Filme experimental com pouco menos de nove minutos, “The Kiss” abriu as hostilidades com o propósito imediato de abalar consciências (as mais conservadoras e todas as demais). Partindo do filme homólogo de 1896, realizado por William Heise, “um escândalo para a altura”, Miguel De editou numa peça única um conjunto de beijos, tendo como fonte a imensa oferta pornográfica que paira na internet. Estamos aqui muito longe da puerilidade de “Cinema Paraíso”, tão pouco dos “beijos técnicos” das telenovelas. São beijos fortemente “lubrificados”, alheios ao género dos parceiros, acompanhados duma panóplia de sons sugestivos, que Miguel De amplia e repete até à exaustão. A sequência está ali para provocar desconforto, mas sobretudo para interrogar os critérios de cada um numa hipotética classificação da obscenidade e da sua censura, no todo ou em parte. O poder do algoritmo que “censura o mamilo da mulher mas não o do homem” foi posto em causa e, com ele, ampliou-se a discussão aos direitos autorais, à forma como a produção artística se vê condicionada nas redes sociais e, até, aos casos de polícia. O começo perfeito de uma noite que, tão cedo, não se apagará da memória de todos.

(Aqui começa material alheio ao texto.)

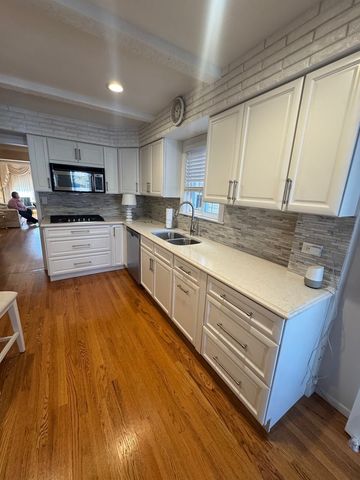 5805 N Merrimac Avenue, Chicago, IL 60646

Mais contido mas nem por isso menos perturbador, “Give Up The Ghost” é uma ficção de Pedro Rilhó que gira em torno de um beijo que, no dizer de um dos parceiros, foi tudo menos consensual. Saltando para fora da esfera íntima, o momento acabou por constituir um verdadeiro abalo na auto-representação de um mundo apenas esboçado, as réplicas a prolongarem-se no tempo e a afectarem profundamente o viver e o sentir dos envolvidos. Mas será que as coisas poderiam ter corrido de outra forma? Despindo-se de tudo, de uma verdade tocante, Pedro Rilhó colou as suas próprias vivências às de uma das personagens, oferecendo-nos um retrato marcadamente autobiográfico, o que o torna ainda mais inquietante. Legitimá-lo através daquilo que pode ser visto como a exorcização dos seus fantasmas (daí o título do filme), uma espécie de “psicoterapia pelo cinema”, será uma das leituras possíveis do filme, mas aquilo que passou da igualmente prolongada discussão foi a necessidade de repensar o consentimento, o abuso e o trauma, conceitos cada vez mais voláteis mas nem por isso menos importantes e cujas marcas se perpetuam no tempo.

Para o final estava reservado “A Vaca de Fogo”, filme de Vasco de Oliveira anunciado como um “musical” e que, por esse motivo, recolhia enormes expectativas. Deste ponto de vista, falando em termos pessoais, o desapontamento não poderia ter sido maior. Os traços característicos do género surgem apenas esporadicamente e os critérios para a sua utilização causam no espectador mais estranheza do que simpatia. O filme, todavia, tem uma história poderosa, decorrente de uma relação homossexual que envolve um menor e acaba por cair na alçada da justiça. Na esfera do chamado “filme de tribunal”, “A Vaca de Fogo” remete, tal como os filmes anteriores, para as balizas que definem e regulam a moralidade e as emoções e de que modo essa regulação é castradora, colidindo com o sentir de cada um. Uma intervenção acalorada mas tremendamente oportuna de uma das espectadoras sobre o poder do cinema e a forma como pode condicionar comportamentos e alimentar o indesejável e o ilícito marcou o momento de debate, mas aquilo que fica é, uma vez mais, o Homem e a sua circunstância. José Ortega Y Gasset passou por aqui.